»»

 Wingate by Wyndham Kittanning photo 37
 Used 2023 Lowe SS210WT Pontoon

««
»»

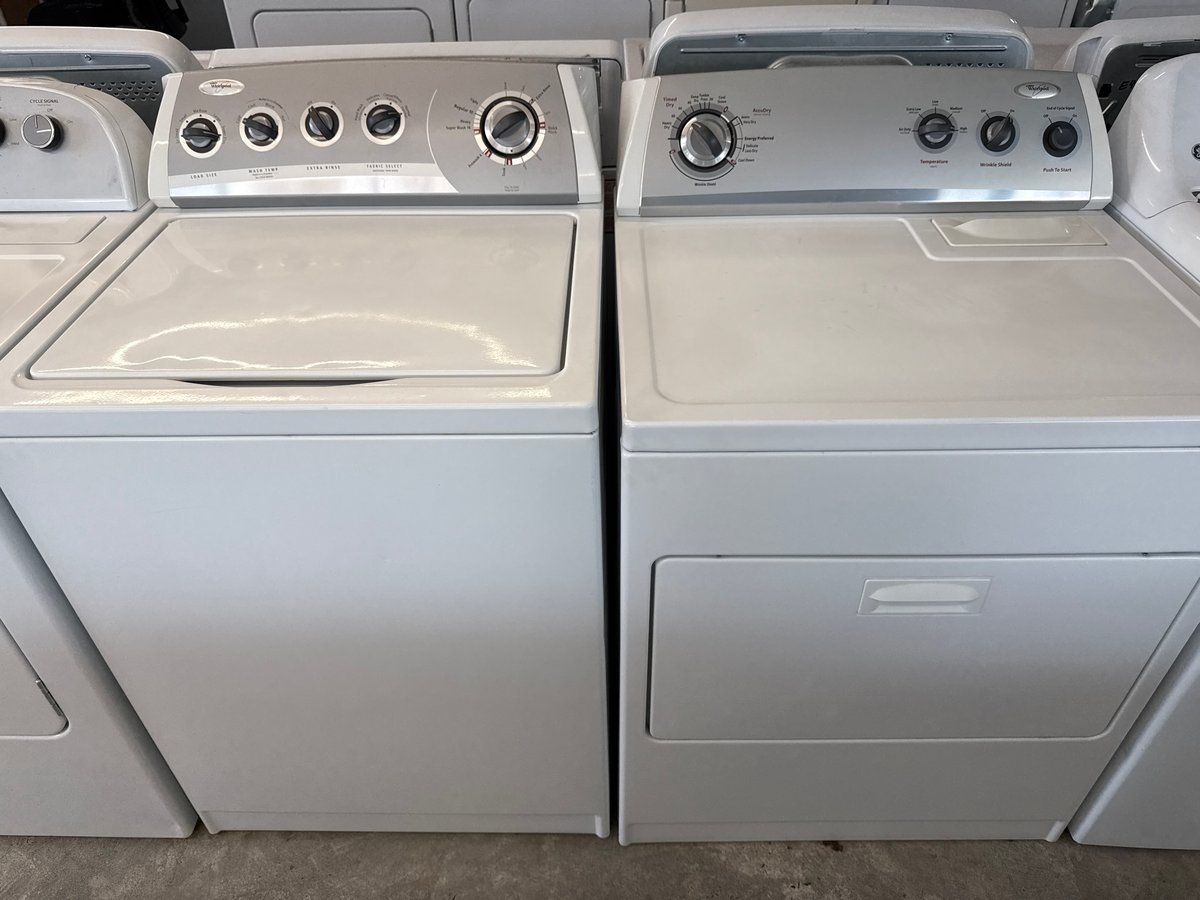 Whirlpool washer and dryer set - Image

««
»»

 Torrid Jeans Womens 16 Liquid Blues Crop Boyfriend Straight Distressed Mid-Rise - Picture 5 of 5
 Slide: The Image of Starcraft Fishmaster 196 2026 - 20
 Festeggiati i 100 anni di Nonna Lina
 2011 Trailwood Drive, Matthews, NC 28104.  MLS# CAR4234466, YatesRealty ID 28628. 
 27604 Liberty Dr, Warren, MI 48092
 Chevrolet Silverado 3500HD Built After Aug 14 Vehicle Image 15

««

- What to do:
All that should be written out is the stretch of lines above between the one holding "Slide: The Image" and the one holding "Chevrolet Silverado 3500HD", inclusive, exactly as given.

- Reply:
 Slide: The Image of Starcraft Fishmaster 196 2026 - 20
 Festeggiati i 100 anni di Nonna Lina
 2011 Trailwood Drive, Matthews, NC 28104.  MLS# CAR4234466, YatesRealty ID 28628. 
 27604 Liberty Dr, Warren, MI 48092
 Chevrolet Silverado 3500HD Built After Aug 14 Vehicle Image 15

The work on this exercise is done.